Review Articles

Flight Risk Review

You might think that cinema is all about the arty pictures, the Oscar bait, the moody period dramas and the auteur-driven space operas. But you’d be mistaken: It’s the more unheralded heroes of film that have kept the medium alive for more than a century – stuff like Flight Risk, a “dumb concept, great execution” thriller from a once celebrated, now disgraced filmmaker that toes the line just so between goofy and earnest. It’s low budget, stars actors you may or may not recognize, and delivers the type of brainless amusement you’d expect from Mark Wahlberg doing wacky accent work in a close-quarters nail-biter directed by Mel Gibson. Not a Great Film by any means, but enough dumb fun to be worth the price of admission.

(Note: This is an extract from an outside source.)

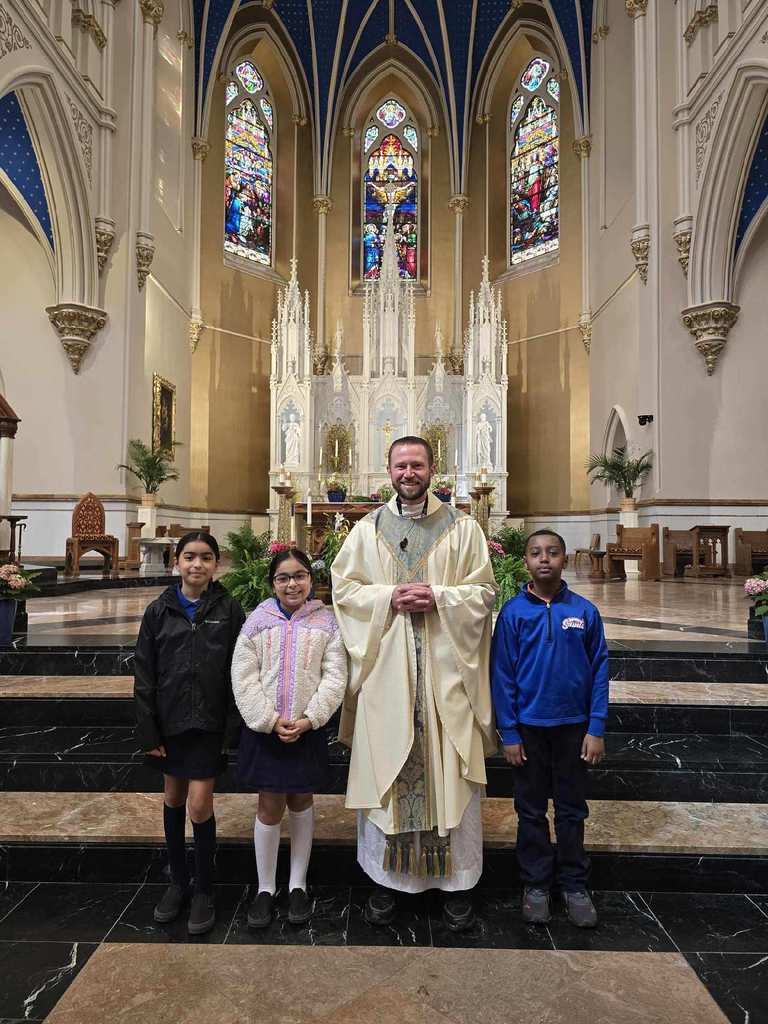mta mass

The story is simple enough. Winston (Topher Grace), a bespectacled fugitive with connections to some big bad crime boss, is collared in a remote Alaskan town by steely U.S. Marshal Madelyn (Michelle Dockery). He negotiates a plea deal, and the two board a charter plane flown by a folksy pilot (Wahlberg) who, it’s soon revealed, is not who he says he is. That’s a movie! Three characters, one location, high stakes, beautiful stock footage of Alaskan mountain scenery. There’s nothing more to it, which is fine. Grace, Dockery, and Wahlberg play their characters as familiar archetypes: the badass lawwoman, the vicious bad guy, the nebbishy secondary villain who turns comrade due to dangerous circumstances. The setting includes built-in tension – what if they crash into a mountain?!? – and the arc of the plot is decidedly uncomplicated and unsurprising.

It also feels very inexpensive, which is not a dig unless you’re expecting fabulously detailed footage of airplanes in midair and not cutaways that border on Microsoft Flight Simulator graphics. The cheapo effects are mostly charming, aside from a suspiciously Midjourney-flavored opening shot of a motel that lasts all but two seconds. Most of the movie is close-ups of frightened people inside a tiny plane, so there’s not a ton of opportunity for anything fancy. Gibson pulls out the big guns for the finale, which involves a fighter jet and an army of ambulances.

It’s honestly quite funny to see this after months of promotional material hyping up the fact that Flight Risk is directed by the guy who made Braveheart, The Passion of the Christ, and Apocalypto – three of the most visually arresting epics ever filmed – but it’s nice to know he’s good on a budget, too. Gibson has been making a comeback for about 15 years or so, most recently in shoot-em-up thrillers with titles like Agent Game, Hot Seat, and Desperation Road, and while I won’t defend his past patterns of behavior offscreen, it’s cool to see what he can achieve with three actors and a pressure-cooker setting. His experience as both a veteran director and the kind of actor you call when you need a villain in a movie about cartels or secret agents no doubt helped him turn Flight Risk from a mid write-off to a surprisingly good thriller. You do not, under any circumstances, gotta hand it to him, but he’s made an entertaining movie.

The script, which was written by Jared Rosenberg and made The Black List’s survey of best unproduced screenplays in 2020, is, again, about what you’d expect. The dialogue isn’t going to win any poetry awards. It’s peppered with a near-constant string of jokes about gay sex and soiling oneself, apparently the two most humiliating things that could happen to a man in Flight Risk’s universe. Dockery doesn’t get a lot to do, saddled as she is with the “girl who punches and says ‘Shut up’ all the time” role, but she’s very good at looking very, very worried for 90 minutes. Grace is funny without tipping over into irritating, obviously enjoying playing the “scared weenie” bit. Wahlberg in particular verges on cartoonish, repeating scary bad guy lines like “I’m gonna enjoy this” over and over as if reciting a mantra. Also, what they do with his hair – or lack thereof – must be seen to be believed. The trailers don’t do it justice.

Is Flight Risk the apex of cinema? No. Is it dumb fun? For the most part, yes. You could do worse than a movie about being trapped inside a tiny airplane with a killer, and whether it’s due to the capabilities of its director or the simplicity of its concept, Flight Risk sticks the landing.